Jejaring Lokadaya dan Konsil LSM Indonesia telah mengadakan lima pertemuan pelatihan daring mengenai Swakelola Tipe III. Nah, pada pertemuan ke-6 (sesi terakhir) ini mengambil tema tentang tantangan lapangan dan praktik baik dalam pelaksanaan Swakelola Tipe III.

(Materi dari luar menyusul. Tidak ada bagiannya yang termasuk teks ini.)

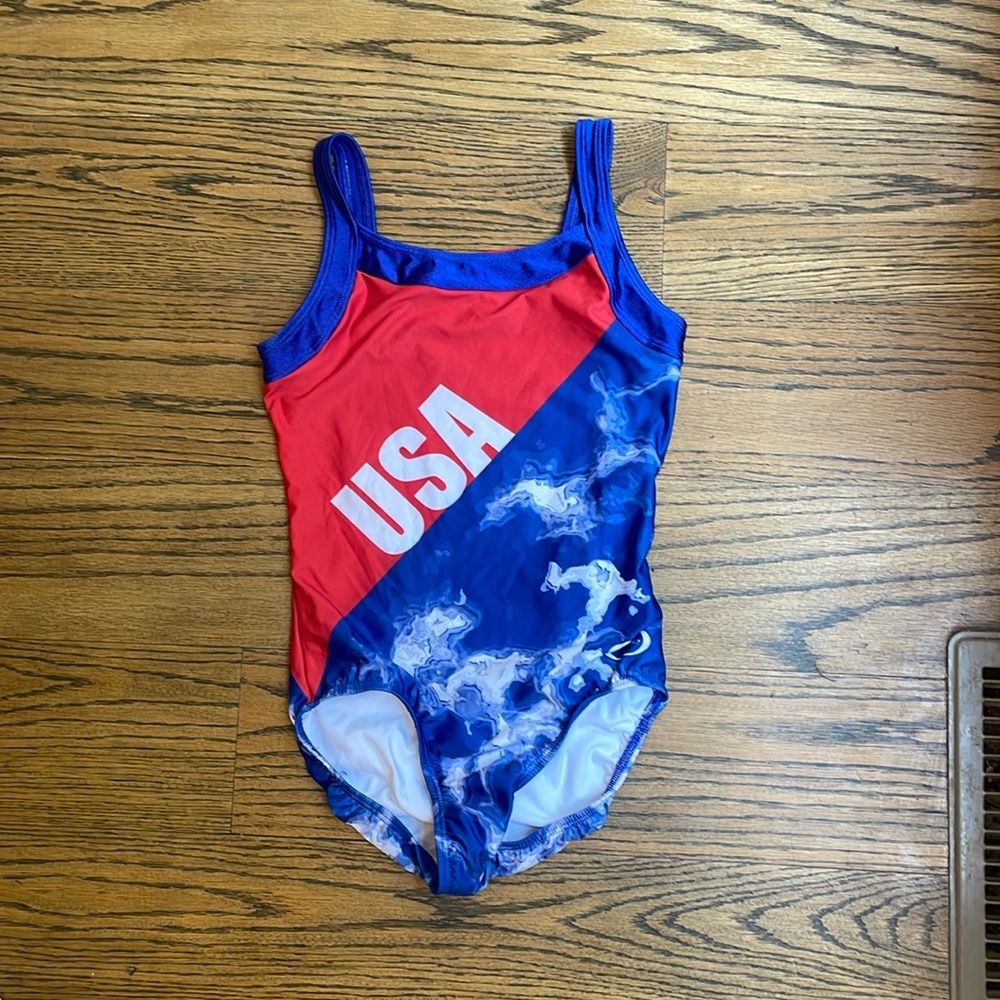Chalk Warrior Ozone USA rare gymnastics leotard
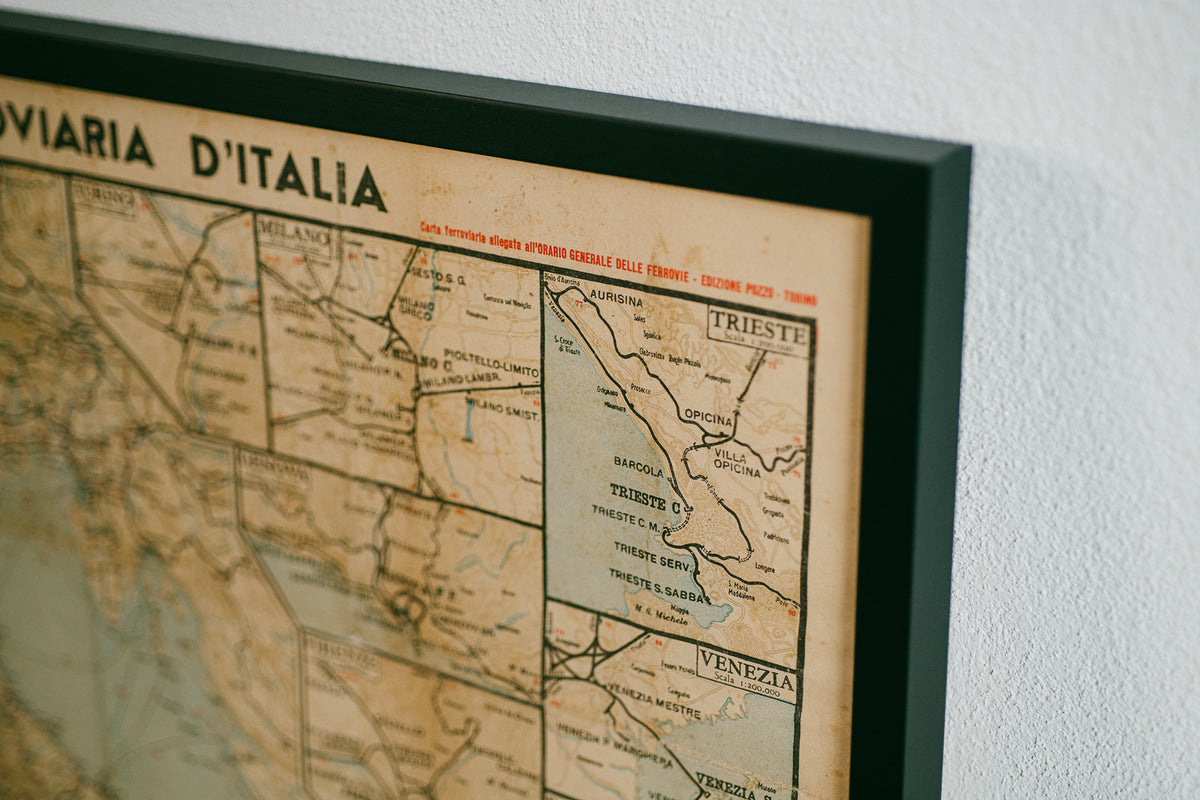 Mappa ferroviaria d’Italia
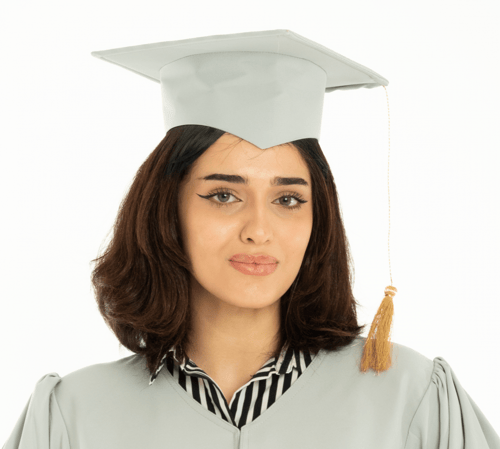 كاب تخرج سادة مثلث | مريولي أحلا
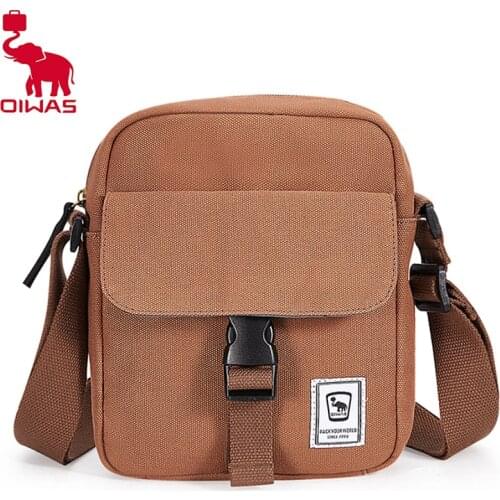 Oiwas Men Messenger Bags For 7.9'pad High Quality Fashion Canvas Shoulder Bag Mens Travel Crossbody Bag Casual Male Sling Pack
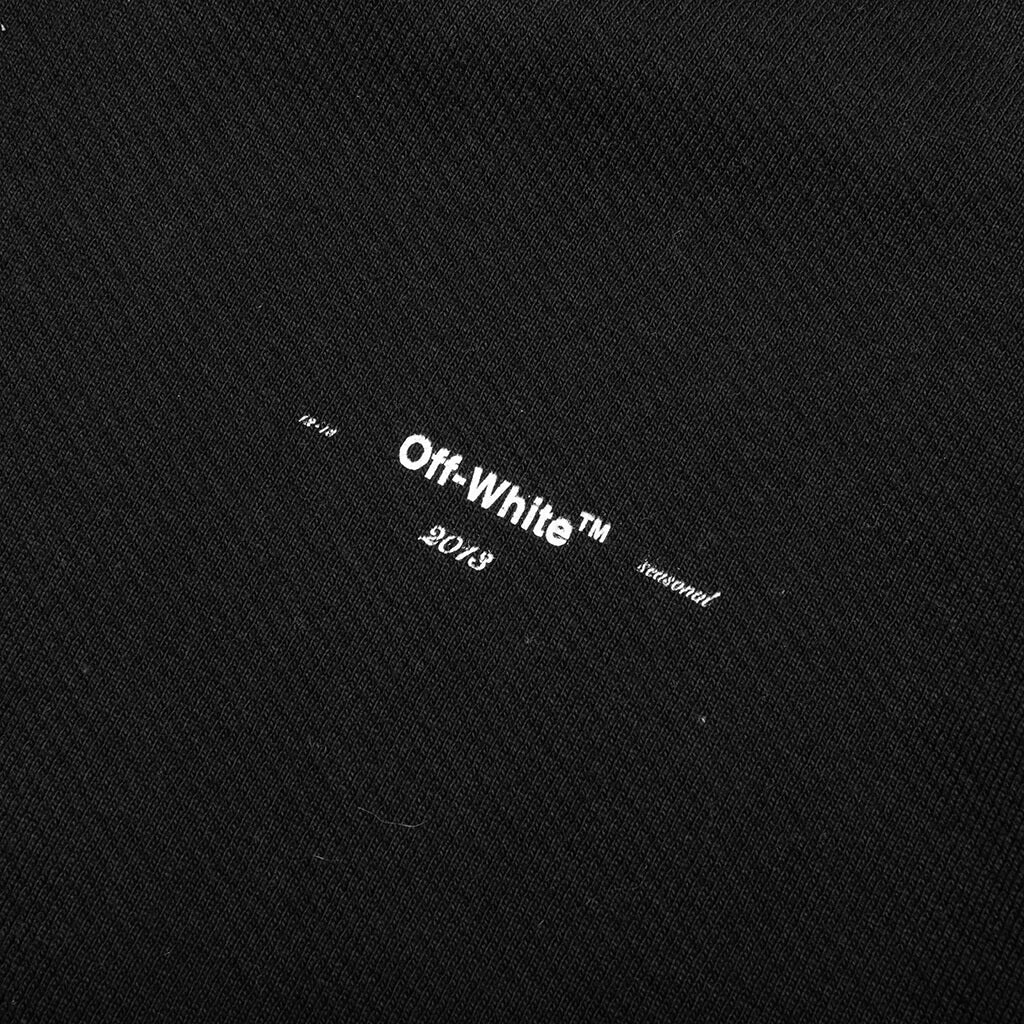 Logo Slim Hoodie Black White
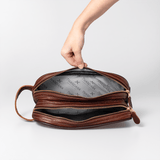Men's Double Zip Vanity Leather - Thandana UK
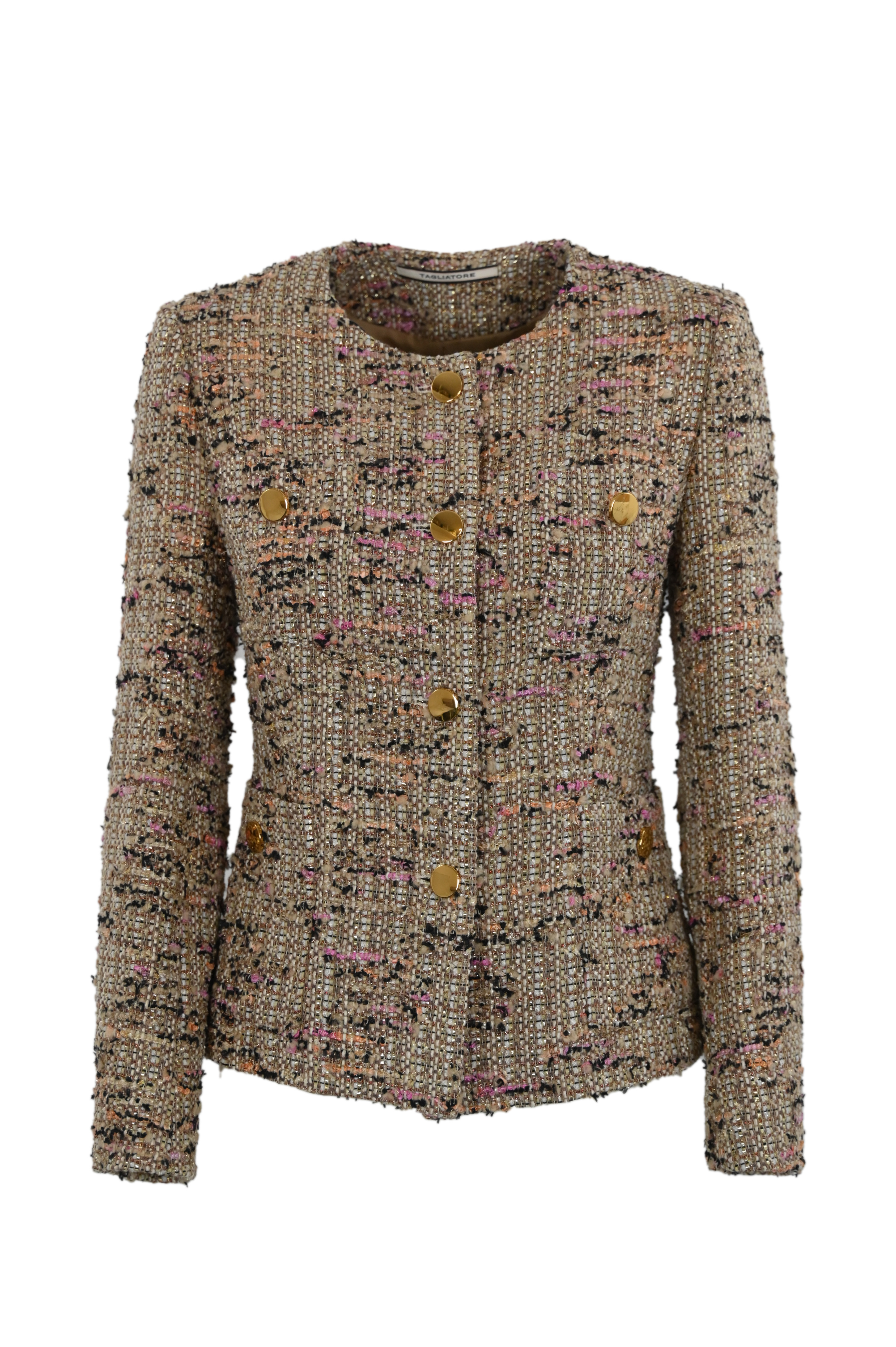 Beverly Jacket In Boucle Wool And Lurex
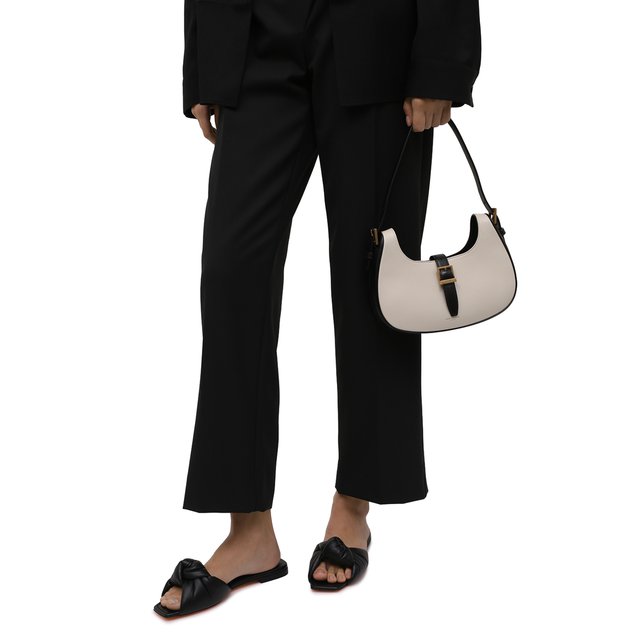 фото Кожаные шлепанцы santoni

Sanusi mewakili SuaR Indonesia membagikan pengalaman beserta tantangannya dalam mengerjakan Swakelola Tipe III. SuaR Indonesia telah 17 tahun lebih membangun gerakan advokasi dan aksi kemanusiaan yang berkantor di Kediri. Dalam hal Swakelola Tipe III ini, SuaR sudah tiga kali bekerjasama dengan OPD Pemkab Kediri. Bagi Sanusi, walaupun persiapan sudah beres dan Swakelola Tipe III telah dilakukan berturut-turut tetapi dalam setiap kerjasama tetap muncul tantangannya.
Ada beberapa tantangan yang terjadi ketika SuaR menjadi rekanan OPD Pemkab Kediri, contohnya ketika OPD tersebut baru pertama kali bekerjasama dengan SuaR dengan Swakelola Tipe III. Hampir semua terkesan bingung dalam melaksanakan program tersebut. Selain itu, tantangan yang tak kalah penting adalah pembayaran yang dilakukan dengan sistem reimburse (pengembalian dana di akhir pengadaan). Hal ini tentu saja menyita perhatian OMS, karena belum tentu OMS secara kelembagaan memiliki dana tunai sebesar paket pengadaan tersebut.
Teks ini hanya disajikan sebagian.